(Captioned web image data)
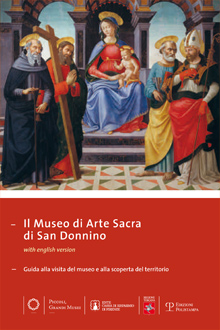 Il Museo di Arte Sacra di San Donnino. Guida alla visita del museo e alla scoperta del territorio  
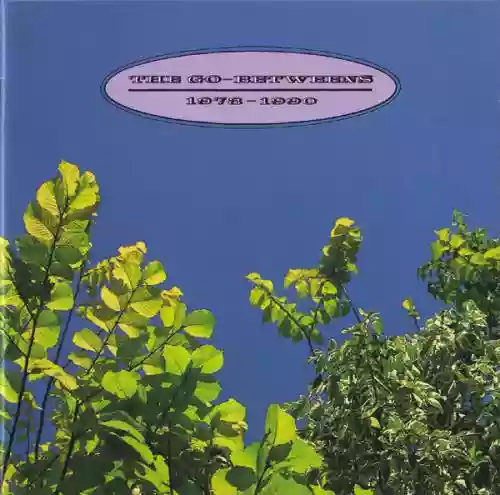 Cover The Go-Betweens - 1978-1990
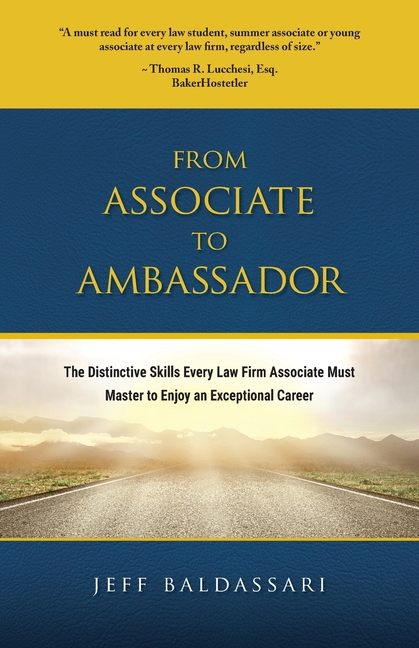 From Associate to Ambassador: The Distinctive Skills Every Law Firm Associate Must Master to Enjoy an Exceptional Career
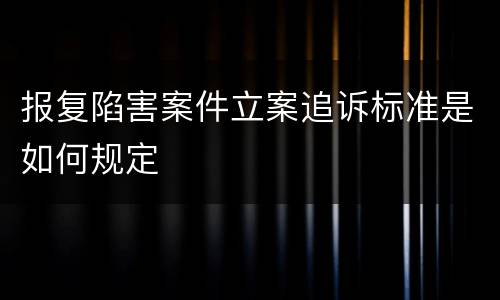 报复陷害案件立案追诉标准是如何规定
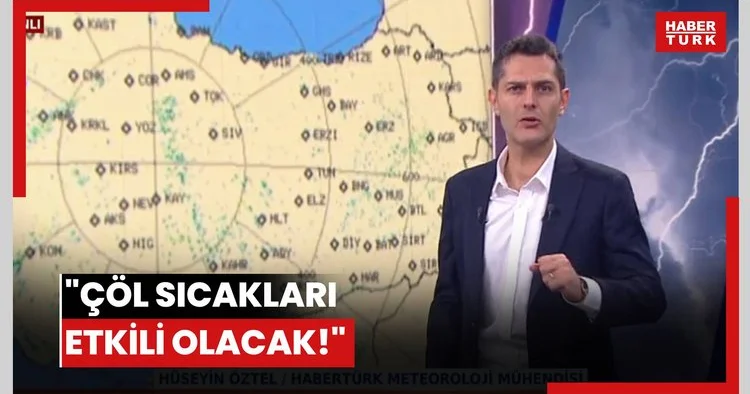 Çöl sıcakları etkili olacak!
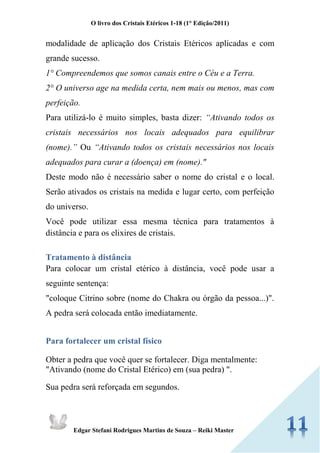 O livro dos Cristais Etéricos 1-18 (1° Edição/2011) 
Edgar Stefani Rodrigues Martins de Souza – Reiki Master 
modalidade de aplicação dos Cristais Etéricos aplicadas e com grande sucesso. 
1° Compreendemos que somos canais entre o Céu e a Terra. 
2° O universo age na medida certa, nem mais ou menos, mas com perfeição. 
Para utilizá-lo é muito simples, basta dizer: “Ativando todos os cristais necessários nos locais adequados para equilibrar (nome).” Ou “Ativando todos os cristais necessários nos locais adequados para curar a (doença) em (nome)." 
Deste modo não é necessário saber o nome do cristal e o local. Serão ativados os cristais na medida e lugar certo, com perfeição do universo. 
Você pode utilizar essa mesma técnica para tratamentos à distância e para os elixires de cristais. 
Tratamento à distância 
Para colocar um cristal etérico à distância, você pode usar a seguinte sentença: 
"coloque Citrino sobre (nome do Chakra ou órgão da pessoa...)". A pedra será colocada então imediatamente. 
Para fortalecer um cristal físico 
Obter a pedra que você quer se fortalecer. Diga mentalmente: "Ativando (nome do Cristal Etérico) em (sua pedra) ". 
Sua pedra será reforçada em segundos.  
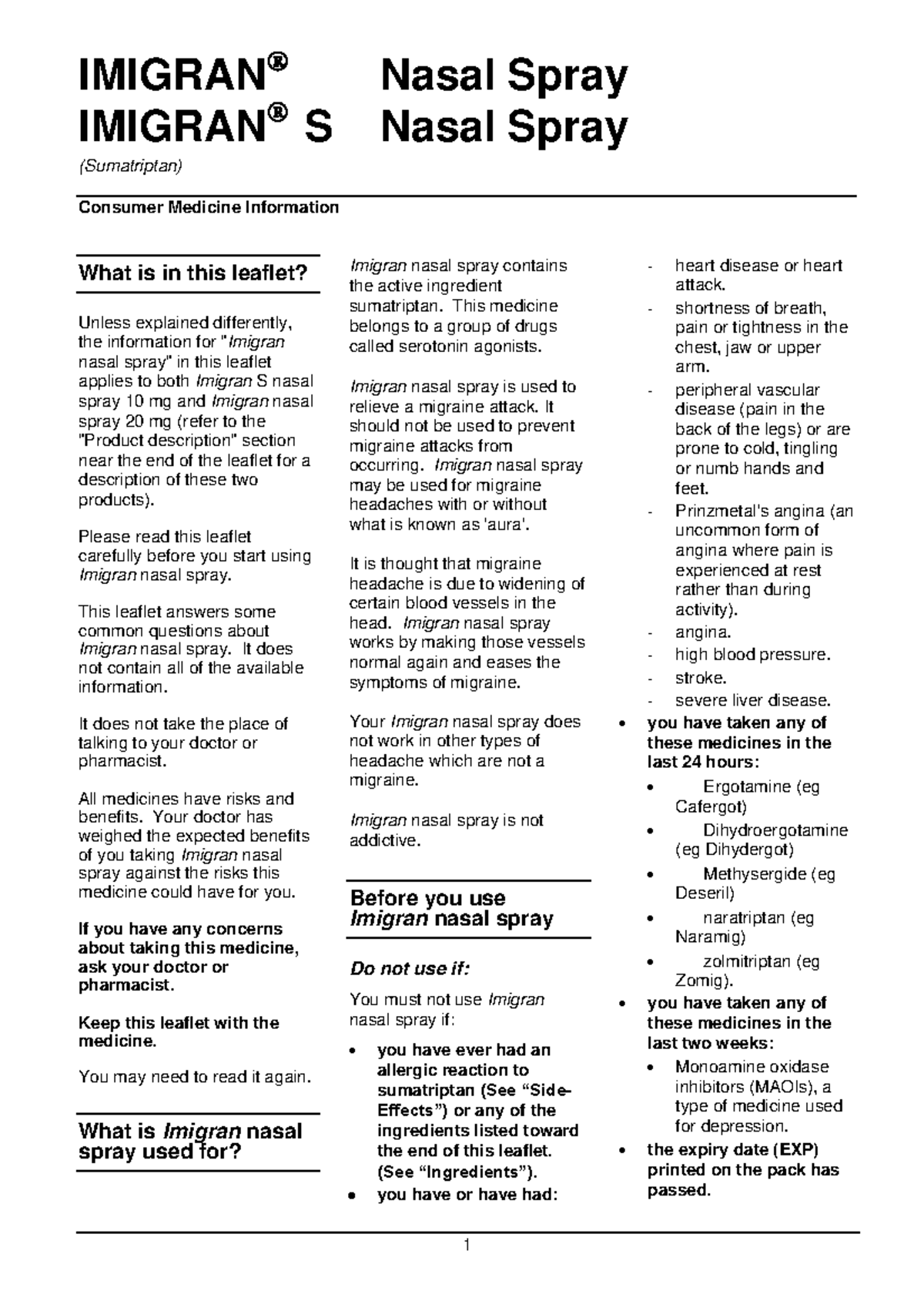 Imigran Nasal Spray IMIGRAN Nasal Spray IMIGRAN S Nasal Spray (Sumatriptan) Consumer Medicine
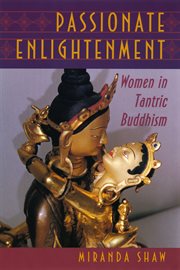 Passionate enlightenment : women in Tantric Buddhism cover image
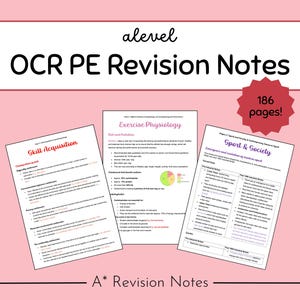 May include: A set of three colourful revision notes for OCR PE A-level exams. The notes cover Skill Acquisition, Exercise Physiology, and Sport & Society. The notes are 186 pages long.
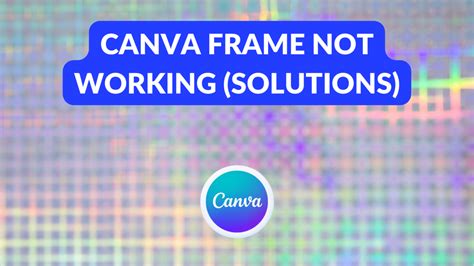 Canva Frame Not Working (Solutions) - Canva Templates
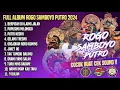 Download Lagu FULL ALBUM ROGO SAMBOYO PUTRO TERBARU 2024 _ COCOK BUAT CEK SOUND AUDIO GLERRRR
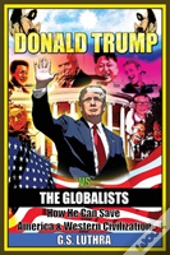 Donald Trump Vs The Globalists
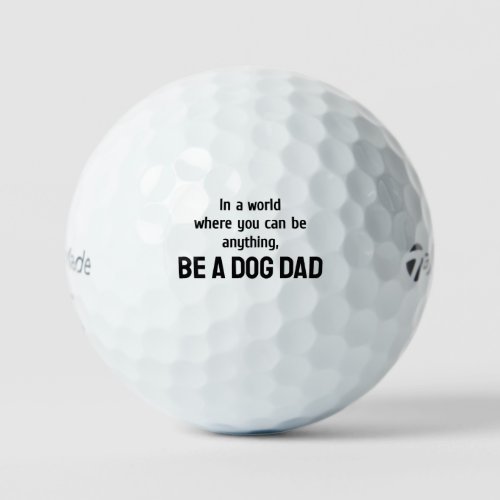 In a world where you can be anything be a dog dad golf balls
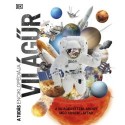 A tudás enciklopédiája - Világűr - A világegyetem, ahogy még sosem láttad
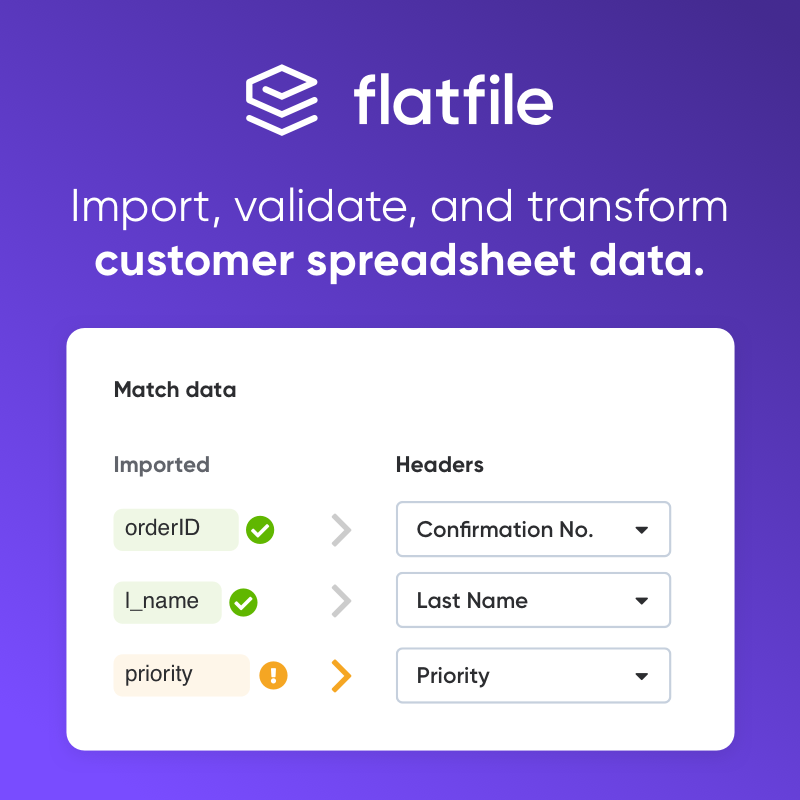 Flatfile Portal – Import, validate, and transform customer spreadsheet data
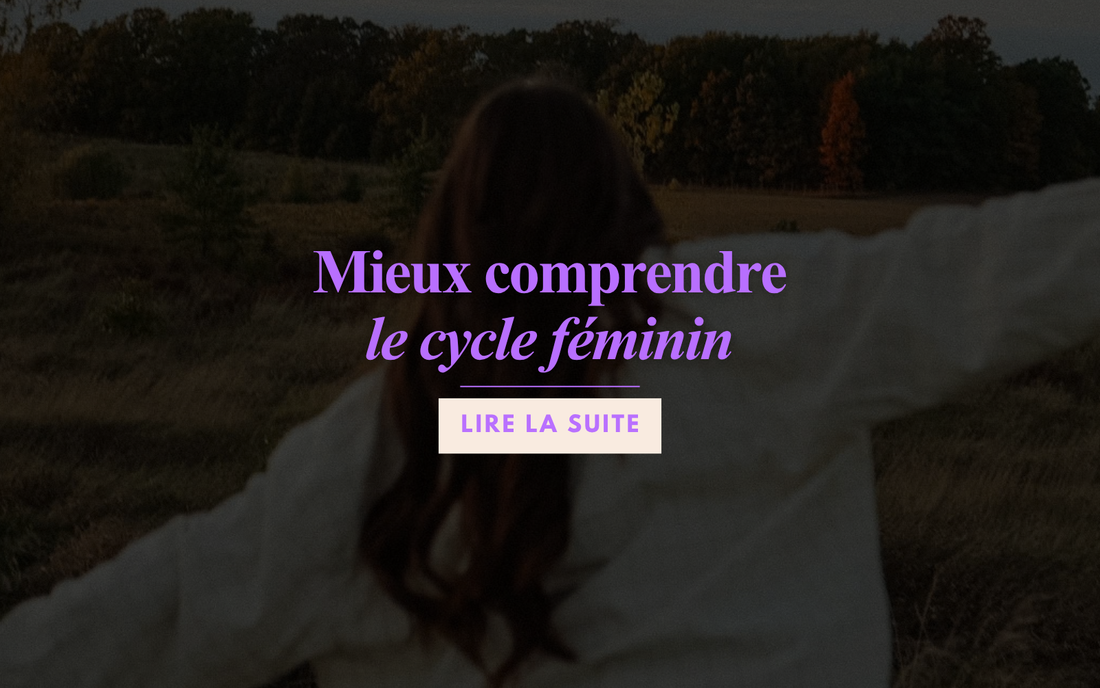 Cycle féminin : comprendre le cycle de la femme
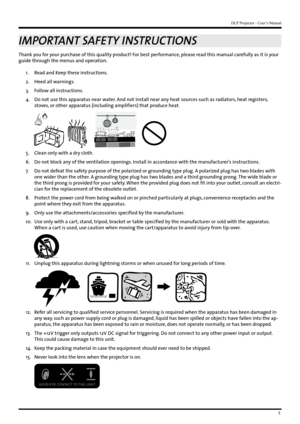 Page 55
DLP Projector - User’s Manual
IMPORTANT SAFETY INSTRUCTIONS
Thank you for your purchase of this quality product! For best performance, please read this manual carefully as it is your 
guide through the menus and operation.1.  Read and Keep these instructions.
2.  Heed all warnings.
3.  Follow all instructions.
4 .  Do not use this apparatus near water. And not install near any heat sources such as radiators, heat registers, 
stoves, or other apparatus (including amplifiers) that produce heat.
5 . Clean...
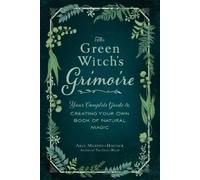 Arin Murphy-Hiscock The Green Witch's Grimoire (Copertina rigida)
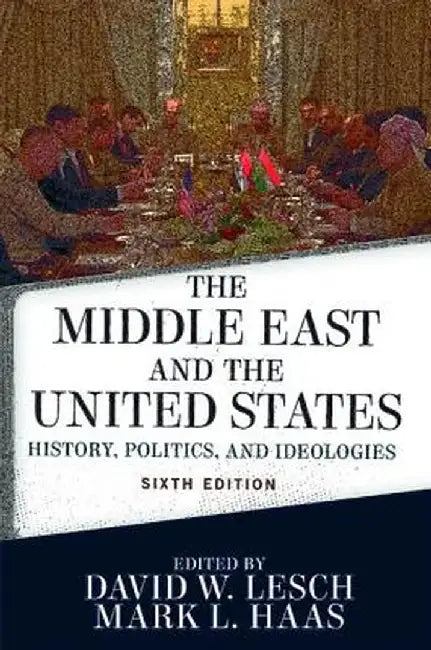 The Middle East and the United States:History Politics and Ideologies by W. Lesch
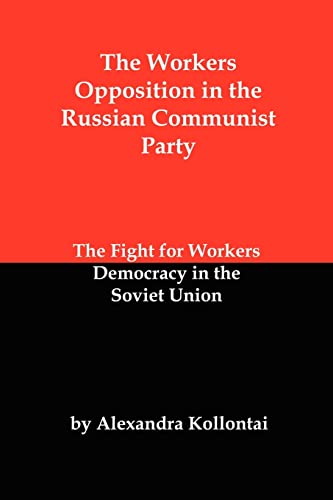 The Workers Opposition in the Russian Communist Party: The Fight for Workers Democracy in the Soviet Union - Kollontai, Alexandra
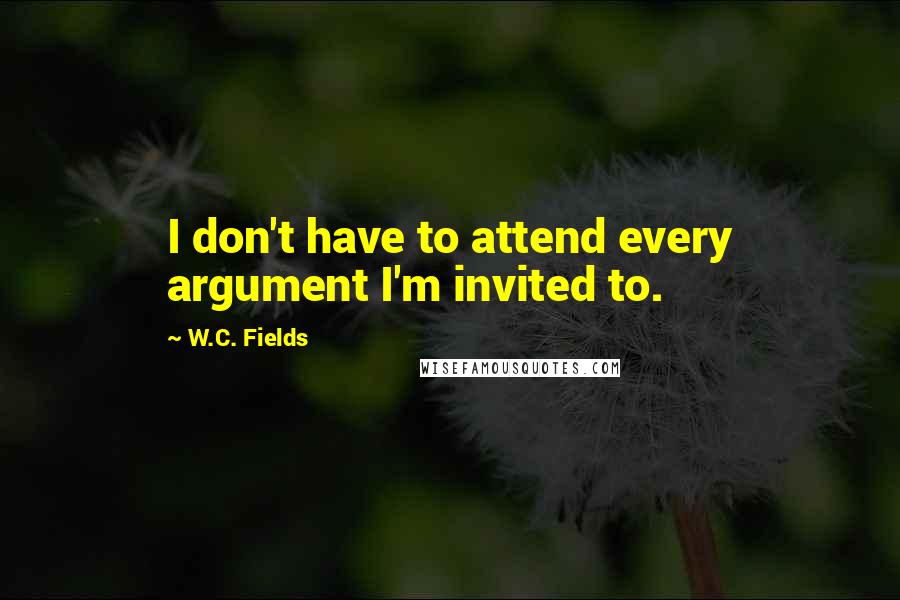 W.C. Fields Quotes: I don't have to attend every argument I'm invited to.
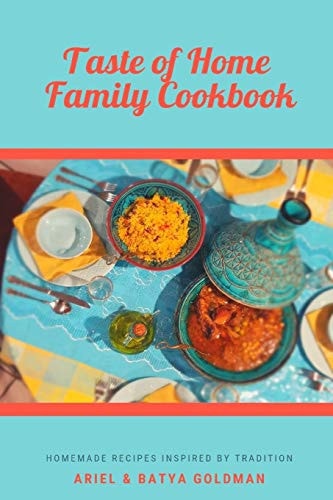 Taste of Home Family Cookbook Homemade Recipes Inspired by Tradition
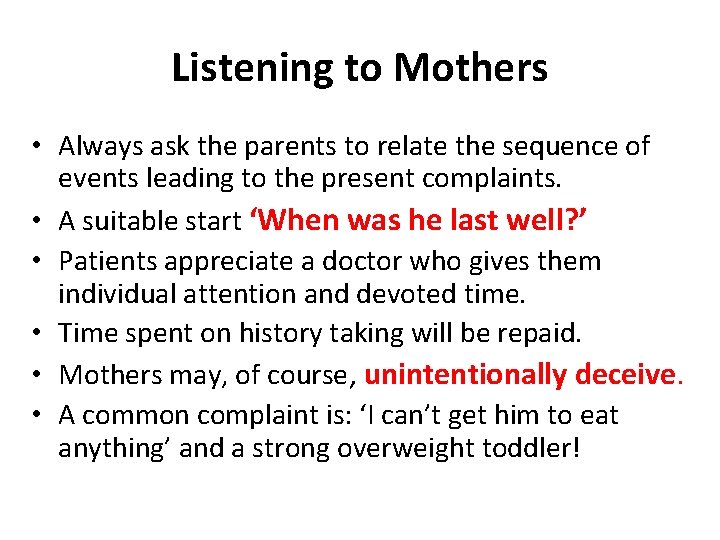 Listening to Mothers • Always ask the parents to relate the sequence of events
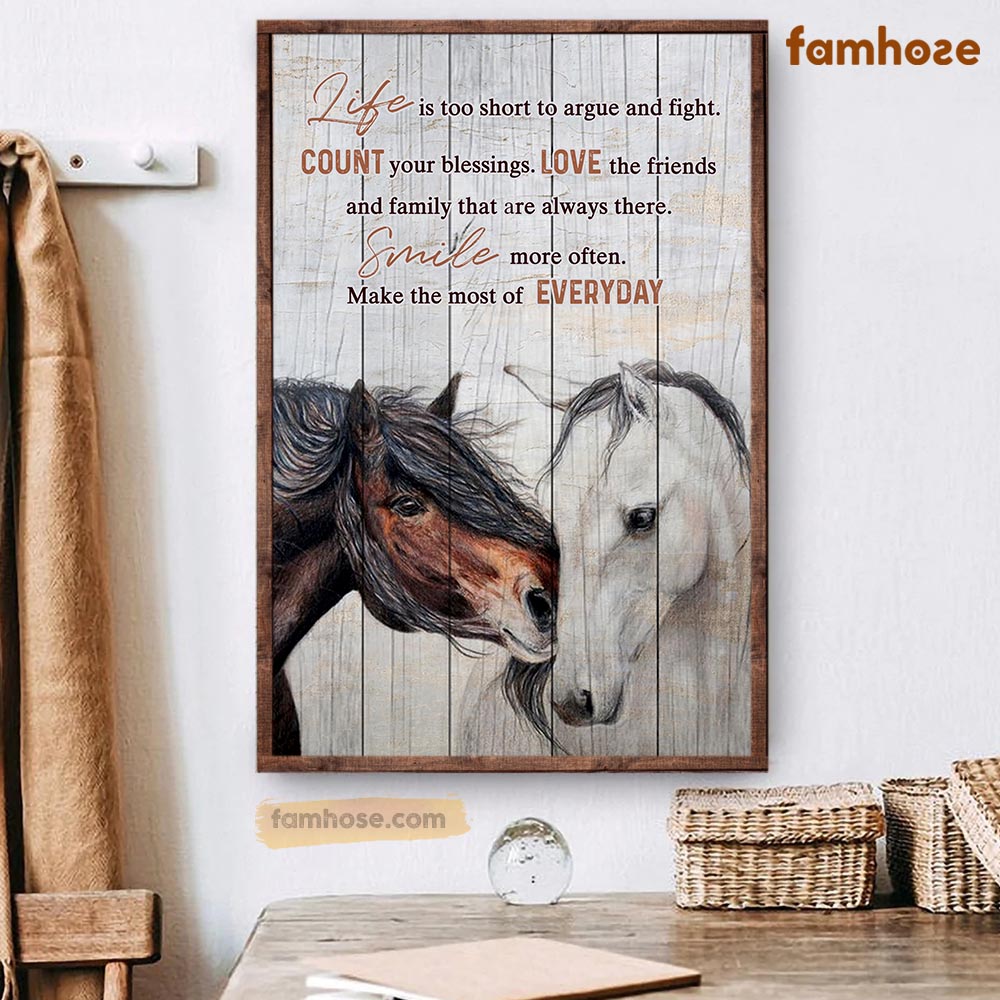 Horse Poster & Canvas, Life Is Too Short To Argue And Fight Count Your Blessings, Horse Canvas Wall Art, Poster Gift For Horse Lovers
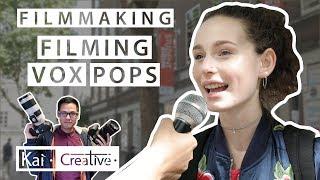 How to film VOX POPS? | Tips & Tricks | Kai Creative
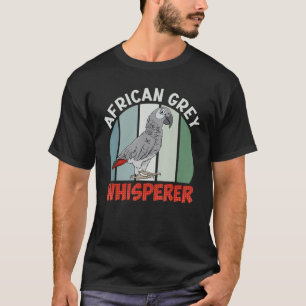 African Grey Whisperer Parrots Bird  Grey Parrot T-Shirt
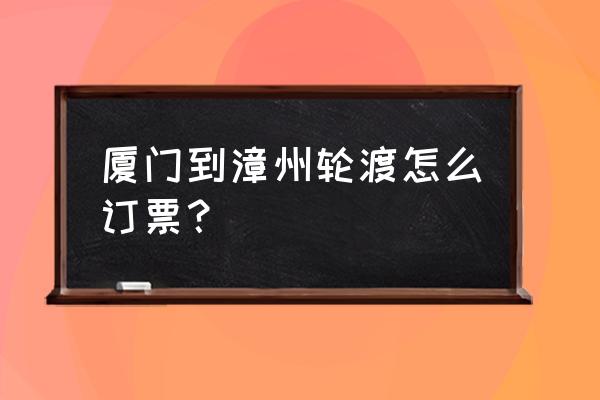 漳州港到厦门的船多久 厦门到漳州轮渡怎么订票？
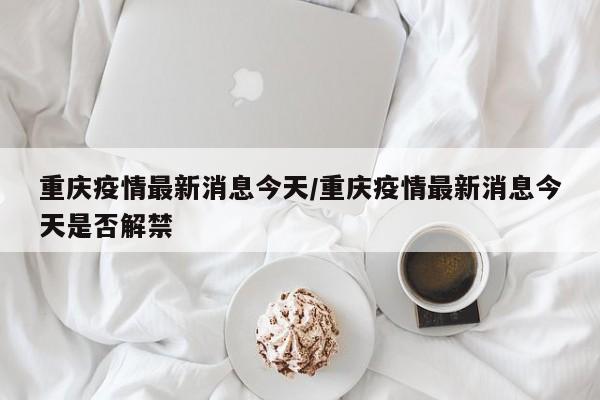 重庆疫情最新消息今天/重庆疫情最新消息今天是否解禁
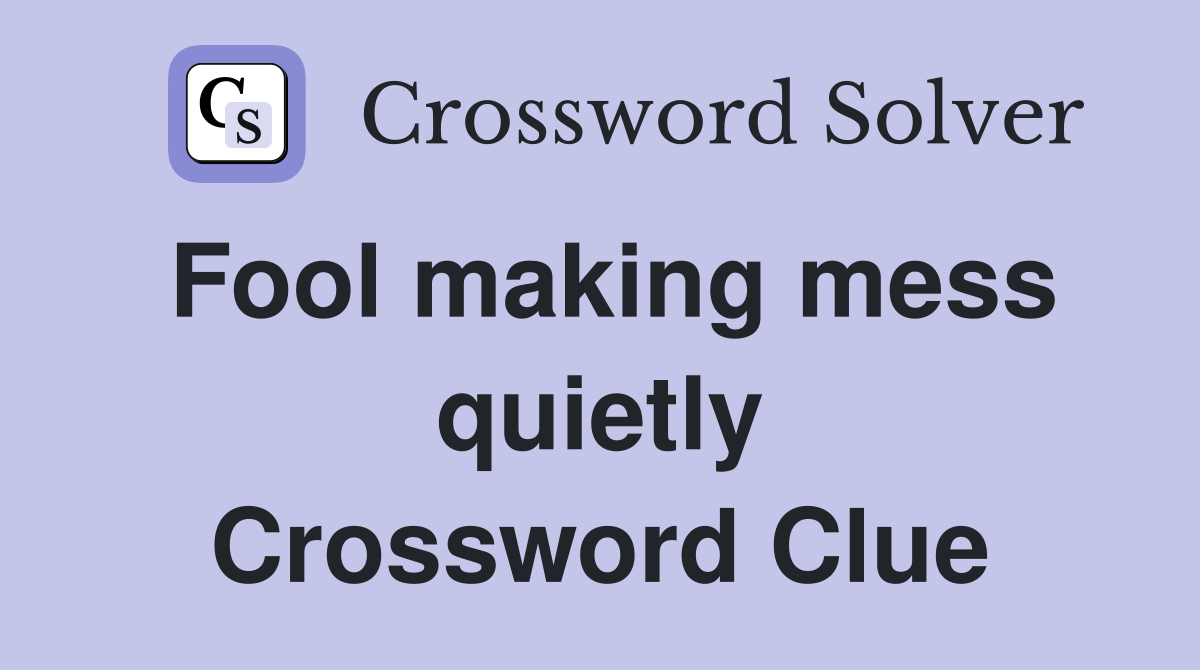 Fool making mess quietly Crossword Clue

WORK INSTRUCTION
Using the entries above, write out exactly the lines from the one with "Imigran Nasal Spray IMIGRAN" through the one with "A tudás enciklopédiája", ends included. Leave out any pictures.

ANSWER SPACE
 Imigran Nasal Spray IMIGRAN Nasal Spray IMIGRAN S Nasal Spray (Sumatriptan) Consumer Medicine
 Passionate enlightenment : women in Tantric Buddhism cover image
 May include: A set of three colourful revision notes for OCR PE A-level exams. The notes cover Skill Acquisition, Exercise Physiology, and Sport & Society. The notes are 186 pages long.
 Canva Frame Not Working (Solutions) - Canva Templates
 Download Lagu FULL ALBUM ROGO SAMBOYO PUTRO TERBARU 2024 _ COCOK BUAT CEK SOUND AUDIO GLERRRR
 Donald Trump Vs The Globalists
 In a world where you can be anything be a dog dad golf balls
 A tudás enciklopédiája - Világűr - A világegyetem, ahogy még sosem láttad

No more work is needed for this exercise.